Input records:
◇ ◇ ◇ ◇ ◇ ◇ ◇

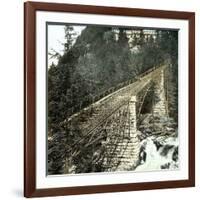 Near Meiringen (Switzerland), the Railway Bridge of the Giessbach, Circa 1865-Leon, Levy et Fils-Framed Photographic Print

◇ ◇ ◇ ◇ ◇ ◇ ◇

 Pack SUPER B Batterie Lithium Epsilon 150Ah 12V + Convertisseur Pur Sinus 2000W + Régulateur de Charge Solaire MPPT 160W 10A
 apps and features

◇ ◇ ◇ ◇ ◇ ◇ ◇

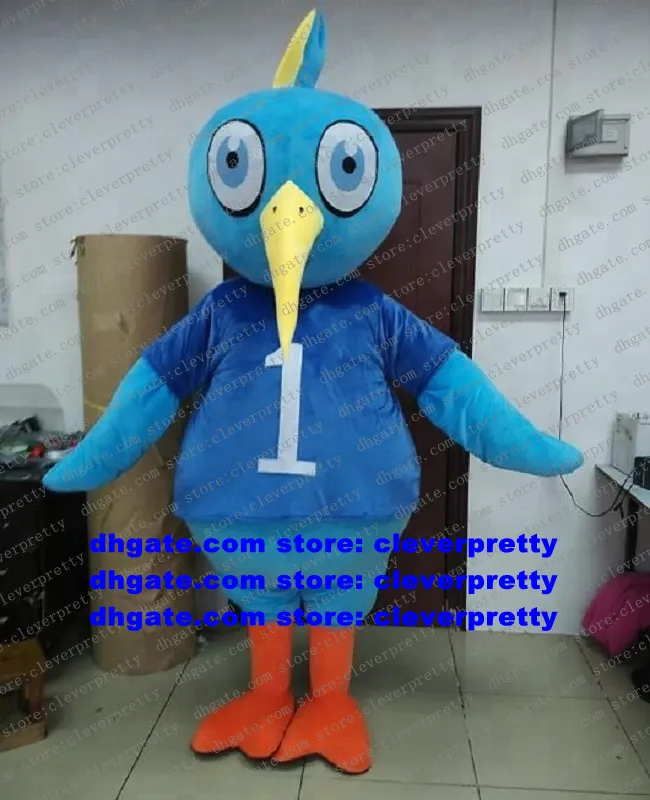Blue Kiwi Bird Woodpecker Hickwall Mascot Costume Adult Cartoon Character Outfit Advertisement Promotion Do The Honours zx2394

◇ ◇ ◇ ◇ ◇ ◇ ◇

Work request: Only the lines above from the one with "Pack SUPER B" up to and including the one with "apps and features" should be repeated, exactly as written.

Response:
 Pack SUPER B Batterie Lithium Epsilon 150Ah 12V + Convertisseur Pur Sinus 2000W + Régulateur de Charge Solaire MPPT 160W 10A
 apps and features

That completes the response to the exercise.